Thompson argues that the holy fool paradox has worked to create a Russia that is tyrannical at home and aggressive abroad. In the absence of a coherent religious “ideology,” the cultural psychological vacuum is filled by the power of the state authority. “What to an intellectual was a way of saying that paradoxes mattered more than syllogisms, to an ordinary Russian was a reassurance that the state of affairs in Russia was superior to the state of affairs elsewhere, and that it deserved unconditional loyalty and devotion, even if the price was slavery at home and aggression abroad” (p. 185).

She argues that the holy fool myth made the Revolution possible and easy, not only in providing a widespread foundation for Marxian dialectics, but also in that “holy fools expressed contempt for civil order and for organized religion, and this attitude came to be regarded as praiseworthy” (p. 194). Thus, the collapse of the Tsarist regime and of the Orthodox Church took place with very little social upheaval. It was on the outskirts of the Russian empire that the Revolution was greeted with horror; the Great Russians accepted it rapidly.

She closes with some important criticisms of Aleksandr Solzhenitsyn. Solzhenitsyn, she points out, promotes the view that the values of the Russian people are those of a humble and suffering people, victims rather than props of the Soviet regime.
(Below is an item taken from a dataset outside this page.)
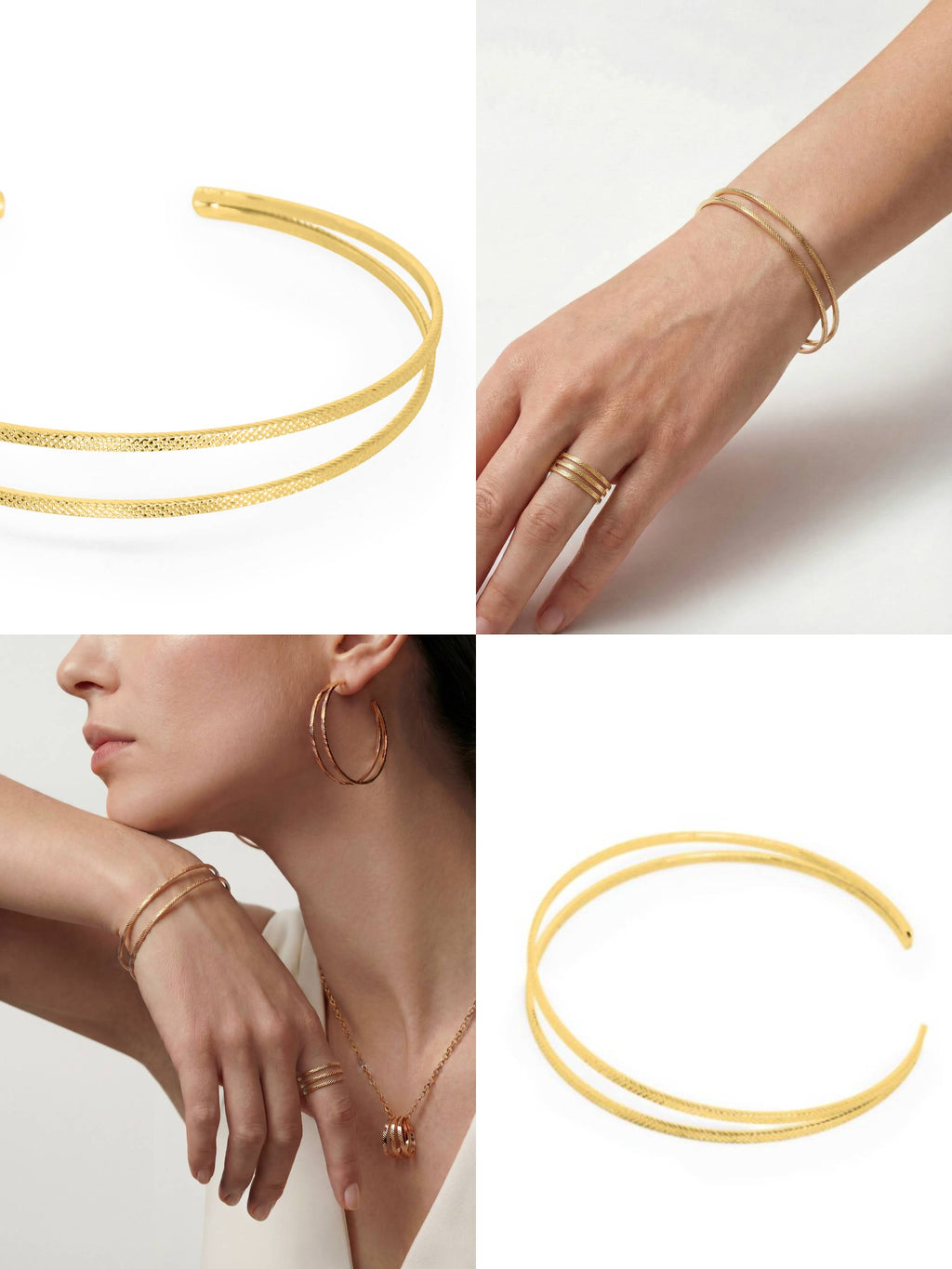 Bracelet Jonc Ajustable Matelassé en Plaqué Or 18 Carats | Balloul Paris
Her position is that this is only half of the story, half of the self-embraced paradox. “Solzhenitsyn condemns what in his opinion constitutes an onslaught of non-Russian values on the Russian people: the secret police and strong political supervision, the system of internal passports, the limitations on travel abroad and within the Soviet bloc, the work camps in Asia, and an elaborate system of spying. All of these existed in nineteenth-century Russia, but Solzhenitsyn views them as if they had been imposed by a foreign conquest: as a burden rather than an integral part of the Russian tradition. He does not mention that popular resistance to these political customs has been virtually nil” (p. 191).

Thompson’s study is filled with invaluable insights into Russian culture, and will be of great value to historians, both ecclesiastical and cultural. It will be of value to theologians interested in social modelling and in the relationship of gnosticism to Christianity. It will be of value also to those wrestling with care of the poor, the insane, the homeless (who are often insane), and the demonically possessed. Finally, it will be of tremendous value to anyone seeking to understand the current changes in Russian and Soviet culture.